Balancing your career with your family life can often be difficult. Both of these things are usually time-consuming and can also be emotionally and psychologically demanding.
That is not to say it is not worth it — but often the work that goes into maintaining a successful work life comes at the expense of your family life, and vice versa.
Maintaining a healthy work-life balance is not just essential for your own wellbeing and mental health, but it can also be extremely important for your family and loved ones. Unfortunately, finding the right balance is a struggle for most working families.
So, what can you do to ensure that these two parts of your life are in harmony with each other? In this guide, we have detailed some top tips for balancing career and family.
Consider Your Priorities
There are only 24 hours in a day, and often many people and tasks are competing for our precious time.
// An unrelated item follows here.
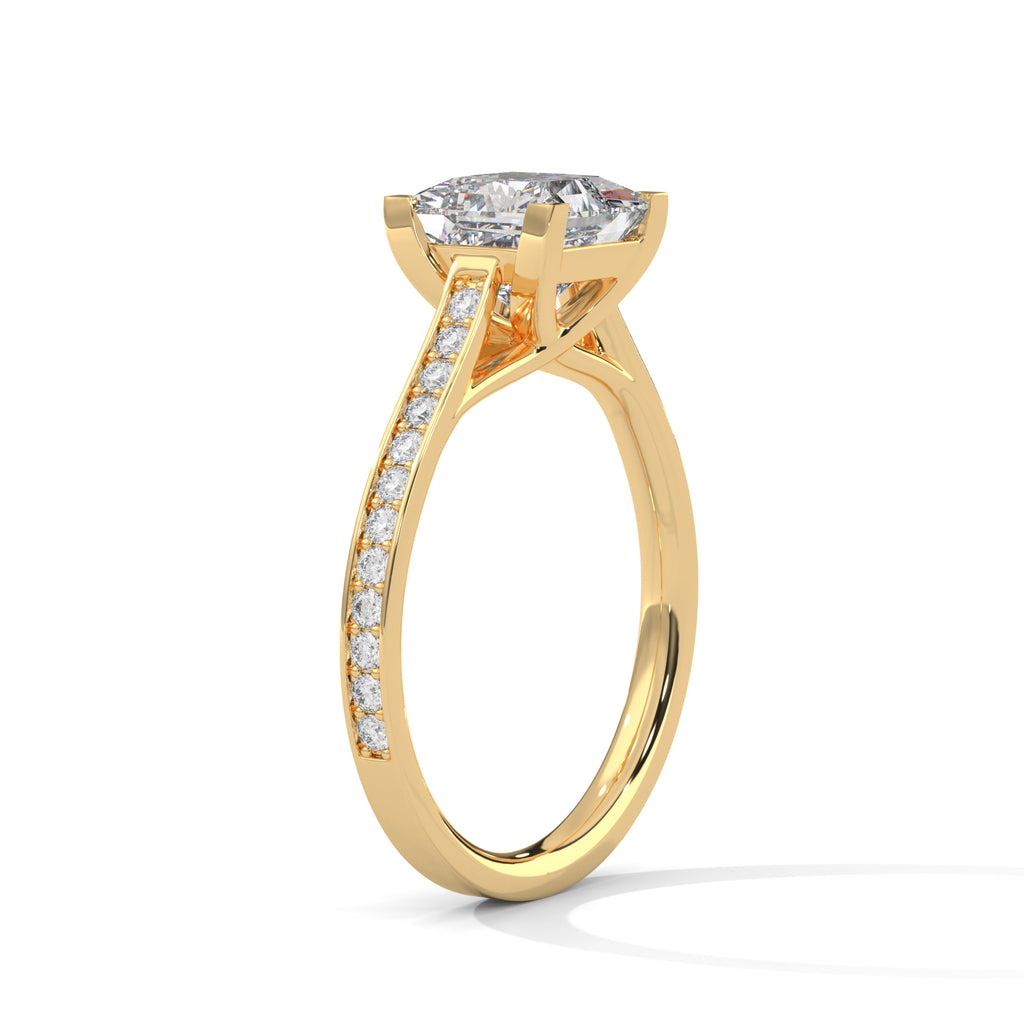 2 Carat Princess Daimond Solitaire Accent Engagement Ring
Whether it is your boss asking you to stay behind late or put in extra hours or your partner asking you to pick the kids up from school and grab some groceries on the way home, it can be overwhelming to try to fit all of these demands into one day.
Often these demands are entirely conflicting: there have been plenty of times that a boss has put pressure on me to put in hours over the weekend when my partner has asked me to go and have Sunday dinner with her family.
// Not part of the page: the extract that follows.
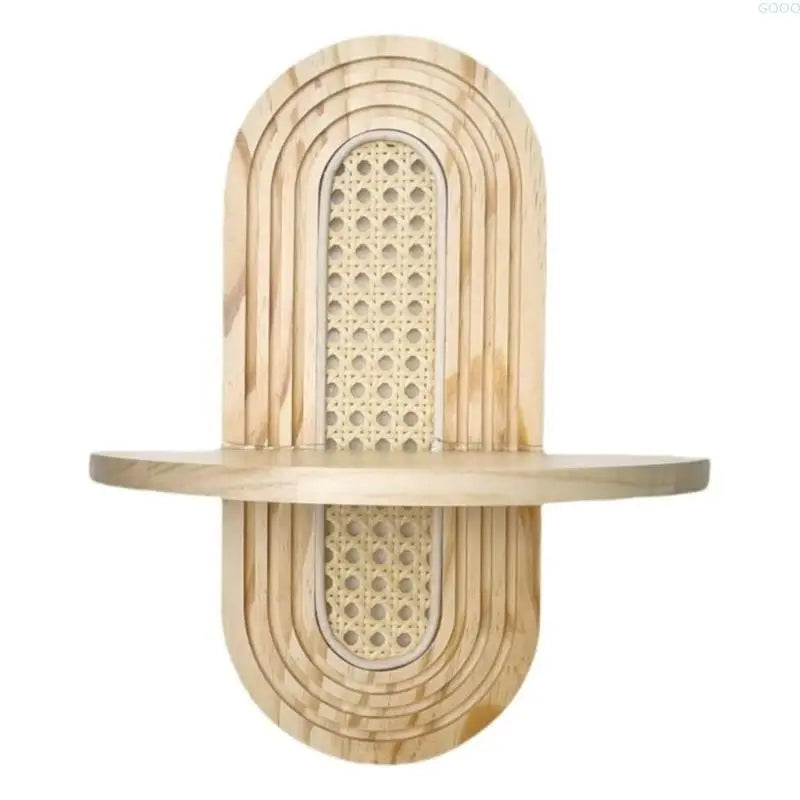 Etagère murale bohème bois clair et rotin avec tablette de support semi circulaire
The first thing to remember is that you can’t please everyone all of the time. Consider what is really your main priority in life — you may be working hard burning the candle at both ends to save to move to a nicer house with your family, but is it necessarily worth it if the long hours are causing you to miss out on precious family time and jeopardize your relationship with them?
Plan a Weekly Schedule
With so many demands on our time and energy from both career and family, it can seem impossible to get everything done.
However, you may find that with some careful planning and a solid schedule, you can get a lot more done than you thought! Sticking to a timetable can eliminate that feeling of “what should I be doing right now” and getting overwhelmed by trying to multitask, which actually takes up a lot of time itself.
Get your partner and family involved in planning your schedule, so that time can be set aside for the things that are important to them.
Learn How to Say No
Putting limits on any out-of-hours work tasks can be an effective way of creating a division between work and family time. Once you have planned your schedule, do your best to stick to it, regardless of what additional demands people may try to ask of you.
If your boss asks you to stay at the office late on a Friday night when your schedule says Friday evenings are you and your partner’s date night, try to stay firm and not give in.
It can be very difficult to do this, as social and career pressures often make us feel like we have to be the one who “saves the day” at all times, regardless of how it affects us personally.
However, once you learn to let go of guilt, politely yet firmly saying “no” is an indispensable skill.
Negotiate flexible or reduced hours if needed
If you are working so hard that you are struggling to find time to spend with your family, it may be best to work fewer hours. If it is financially possible for you, why not consider going part-time?
While this would inevitably come with a pay cut, the increase in free time to spend with your family can be more than worth it.
If you are working overtime to afford the most expensive gifts for your partner and children, consider whether they may in fact rather have some quality time with you than have these things.
If going part-time at your current job is not possible, then why not consider a change of career that allows you to be more flexible, or even starting your own business? If you are interested in learning more about qualifications that can help you start a business, click here.
Consider arranging delegation of tasks
Having a support system at work can be highly effective at managing your time efficiently. If you work as part of a team, you may be able to arrange with other co-workers for them to take care of tasks that you cannot fit into your own schedule. This also applies to things like childcare.
if you need to stay behind late at work one evening, why not ask extended family members or other trusted friends to babysit or pick the kids up from school? However, when asking others to help with tasks, it is important to remember that you should be willing to do the same favors for them in return if needed.
Include family activities in your schedule
It can be frustratingly easy to get so carried away with work that you suddenly realize it has been months since you and your partner just sat down to watch a movie together, or you took your kids to the park.
Placing family activities in your schedule can ensure that precious family time happens on a regular basis. Why not plan a regular board games night with your family and date night with your partner? If doing this every week is unrealistic, you can schedule bi-weekly or monthly events.
Another surprisingly simple tip that can go a long way for your family relationships is to always eat dinner together at the table. No more microwave meals are eaten at your desk in your home office, while typing up a report with the other hand!
Don’t blame yourself
If you are struggling to meet either family or career obligations or expectations, it can be easy to fall into the trap of feeling bad about yourself. In today’s world, we are pressured from all angles to be relentlessly efficient, and overworking ourselves is often glorified.
While you burning yourself out may do wonders for your boss and the company profits, they don’t necessarily see the other side: the impact on your personal relationships.
Remember that you are worth more than just your productivity. After all, what’s the point building yourself a life if there is no-one to share it with?